What Is the FTT and Where’s it Being Introduced?
The FTT is the European Union’s way of ensuring that the financial services industry pays a contribution towards cleaning up the mess left behind by the recent financial and economic crisis. Except that not even half of the 28 member states have agreed to go ahead with it (although, as mentioned below, it has been designed to have maximum impact). The tax is also designed to discourage certain types of undesirable financial trading activities thought to have exacerbated the crisis, such as high-frequency and automated trading.
In its current form, the FTT is based on the proposal unveiled by the European Commission in September 2011 and approved by the European Council of Economic and Financial Affairs in January 2013. It will be levied on all transactions in financial instruments, with the exchange of shares and bonds taxed at a rate of 0.1 percent and derivative contracts at a rate of 0.01 percent.

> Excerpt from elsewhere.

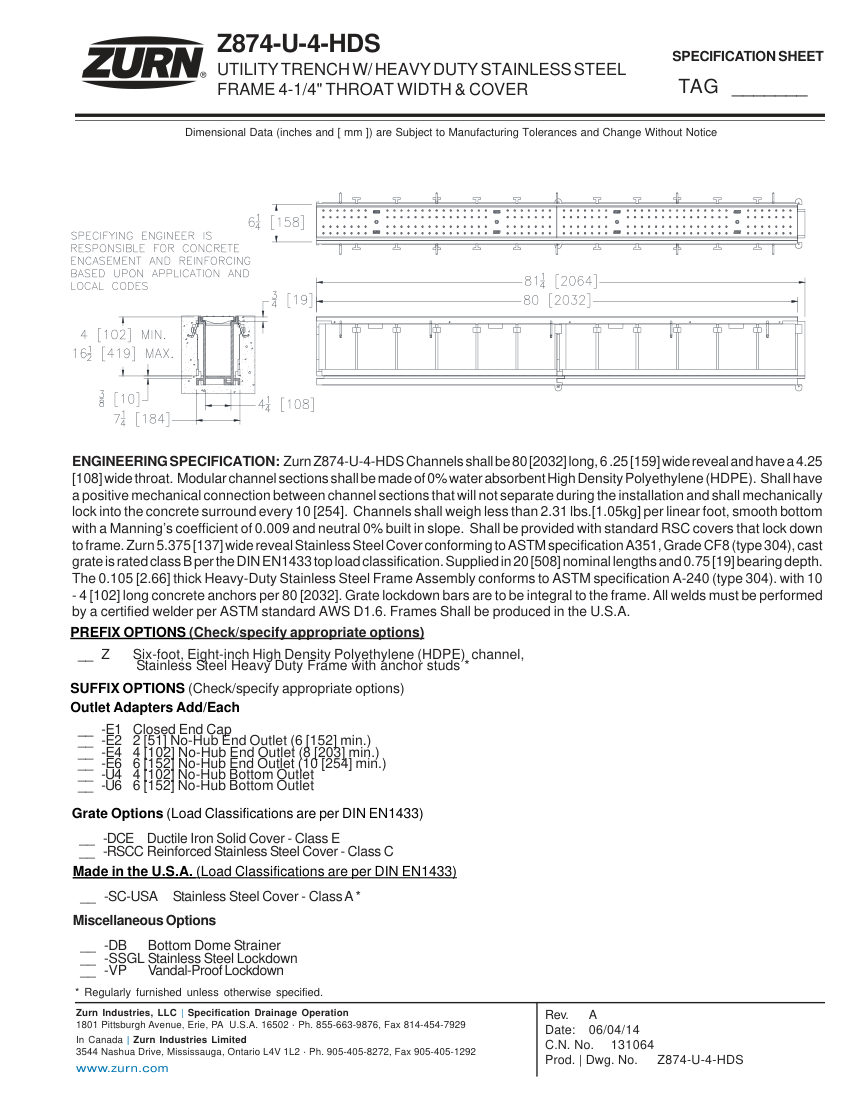 Zurn Z874-U-4-HDS cut sheet — first page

Usually, new EU tax laws need to be agreed by all member states before they can be introduced. However, because the FTT is so contentious it is only being implemented in 11 countries on the basis of ‘enhanced cooperation’, a rarely-used legislative mechanism that allows at least nine member states to proceed with European legislation if unanimity in the EU Council cannot be found. The so-called ‘EU11’ are: Austria, Belgium, Estonia, France, Germany, Greece, Italy, Portugal, Slovakia, Slovenia and Spain.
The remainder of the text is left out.